A fair reader should note that Faros sells engineering-measurement tooling, so a story about quality quietly degrading is not a neutral finding from a disinterested party, and a single vendor’s telemetry is correlational, not causal. The reason to trust the direction anyway is that it does not stand alone: the independent studies cited later in this chapter, the security-flaw audits, the randomized developer-slowdown trial, the trust-and-verification surveys, all point the same way, and the convergence of a vendor’s telemetry with disinterested research is what makes the pattern hard to wave off. The speedup is real. It means the speedup landed entirely on one side of the pipe. As one engineering writer put it, the team optimized the input side and never expanded the output. You can generate in an afternoon what used to take a sprint, and then the afternoon’s work sits in a queue behind a human who reads at human speed, and the queue is where the bugs and the incidents and the un-reviewed thirty-one percent come from. The bottleneck did not disappear. It moved downstream, to verification, and verification is harder to scale than generation because it is the part that requires understanding the whole.

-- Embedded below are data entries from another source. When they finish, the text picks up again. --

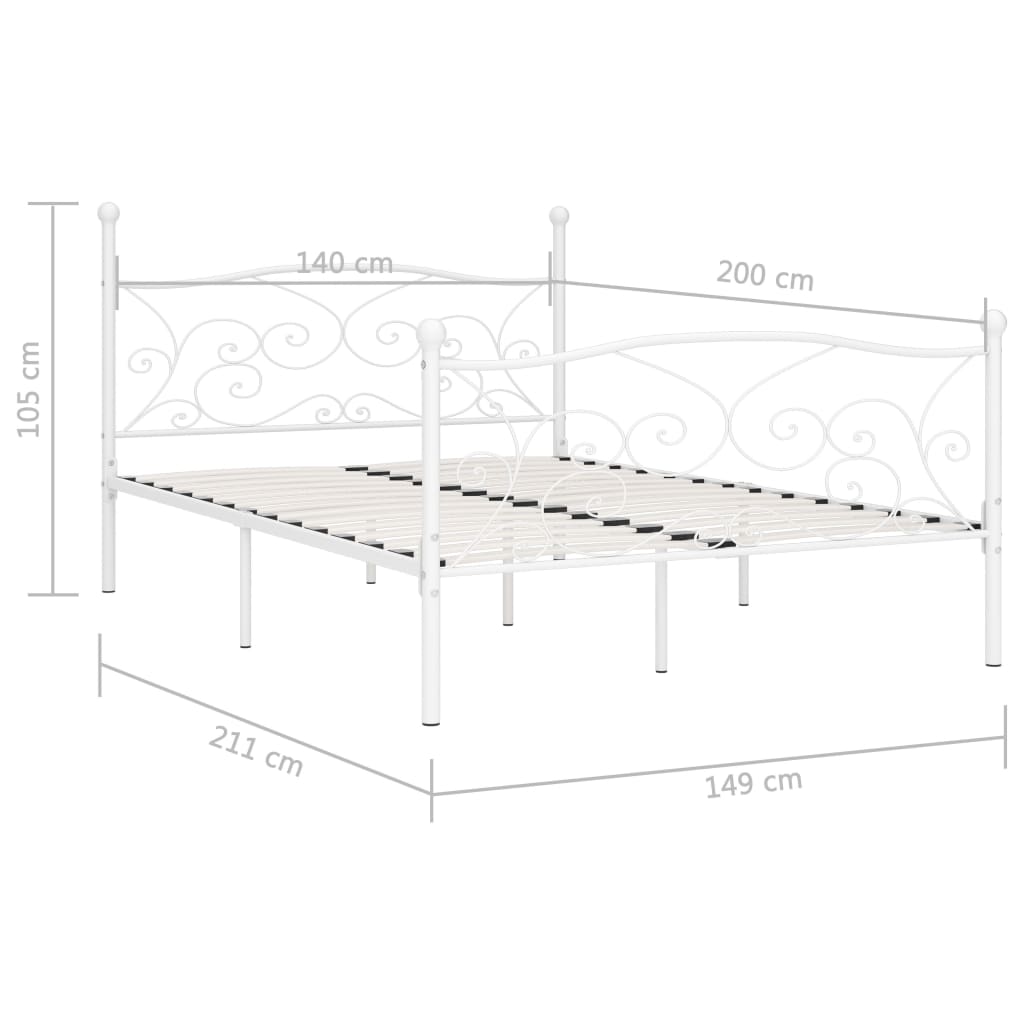 vidaXL Rama łóżka ze stelażem z listw, biała, metalowa, 140 x 200 cm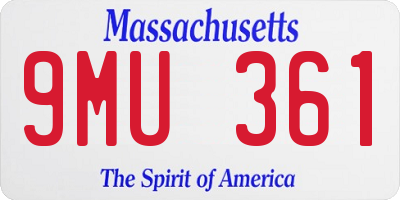 MA license plate 9MU361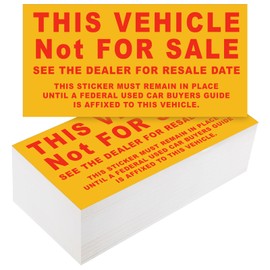 Sayglossy 200 Pcs Car Dealership Supplies This Vehicle Not for Sale Stickers Car Dealer Yellow and Red Lettering Decal Adhesive Compliance Sticker for Vehicle Window, 6 x 3 Inches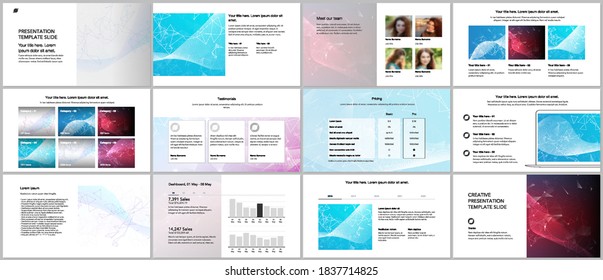 Vector templates for website design, presentations, portfolio. Templates for presentation slides, flyer, leaflet, brochure cover, report. Polygonal science background with connecting dots and lines.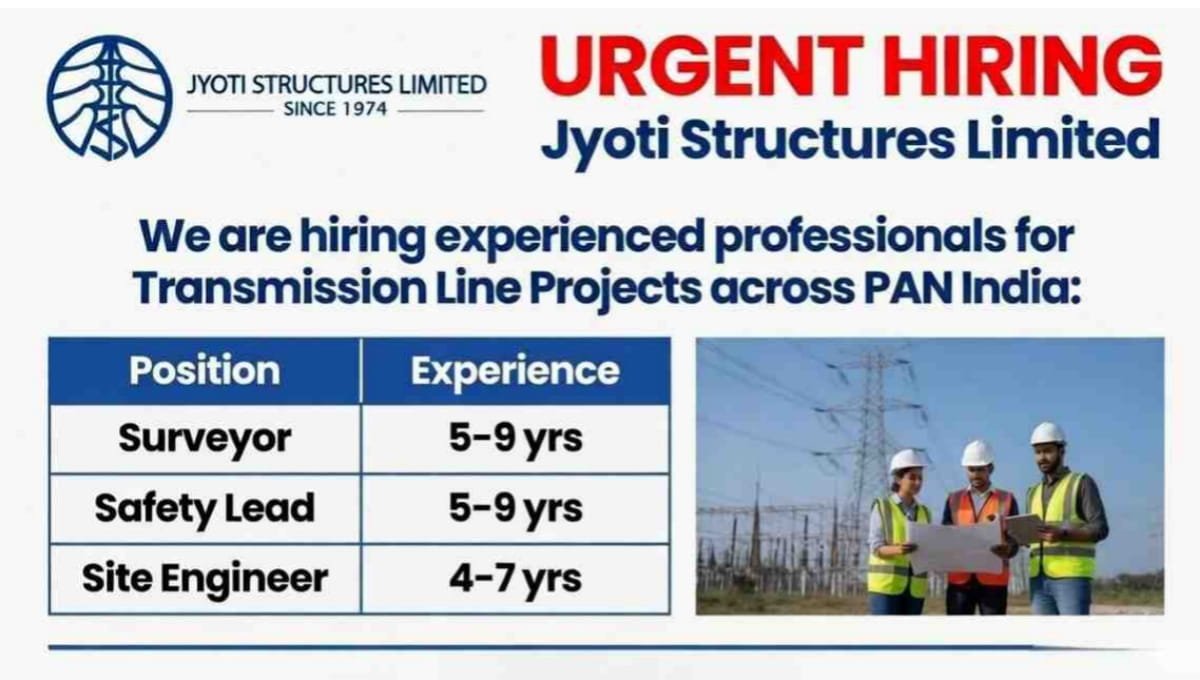 Jyoti Structures Limited Hiring 2026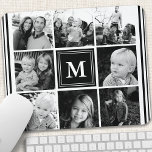 Zwart monogram Familie Foto Collage Muismat<br><div class="desc">Monogram Family Photo Collage. Pas dit douaneontwerp met uw eigen monogram initiaal of tekst aan.</div>
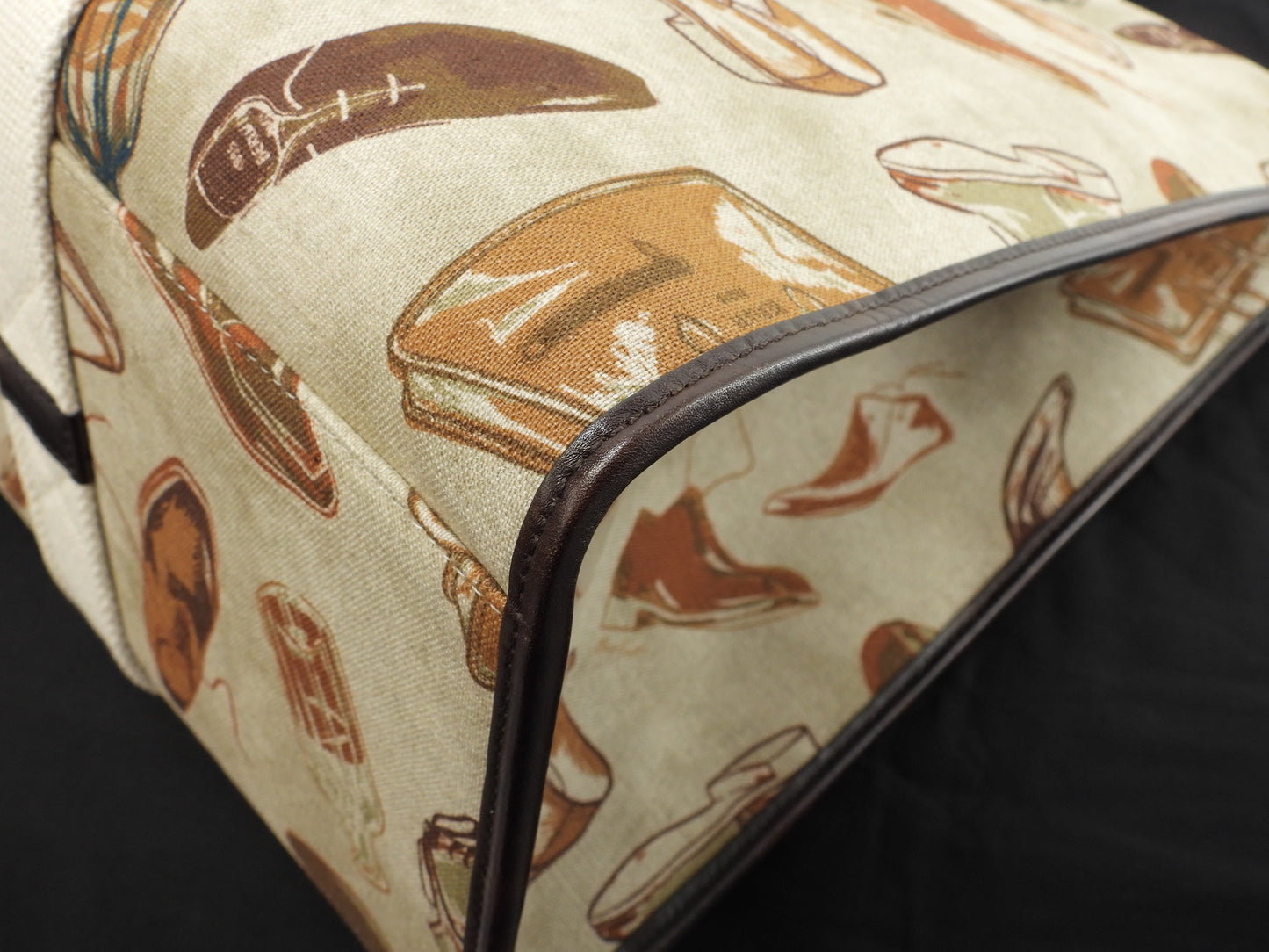 ベルルッティ トートバッグXL プリントファブリック コットン革茶 メンズショルダー特大@G0224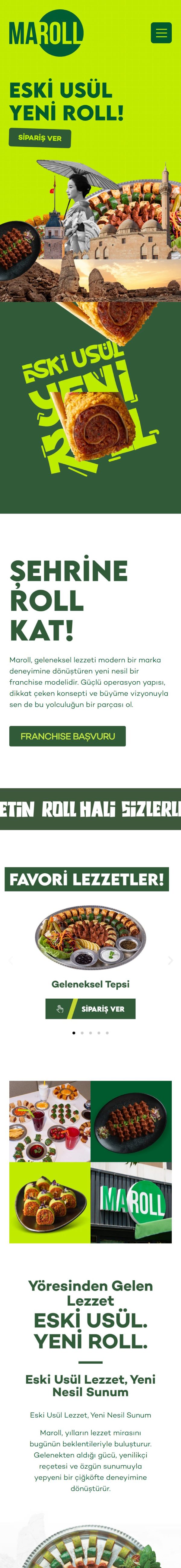 marollcigkofte.com web sitesi mobil görünümü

The job inverted, and the new job is the hard half

Jensen Huang said the quiet part out loud at the start of 2026, telling engineers they should stop writing code and start directing and supervising the code the machine writes. Whatever you think of the source, the description is accurate, and you can see it in how the loop changed. The old developer loop was think, write, compile, debug, a loop where the human produced the artifact and the machine checked it. The new loop is frame, delegate, evaluate, constrain, integrate, a loop where the machine produces the artifact and the human checks it. The human moved from author to reviewer. That is not a small change in tooling. It is an inversion of which half of the work is the human’s.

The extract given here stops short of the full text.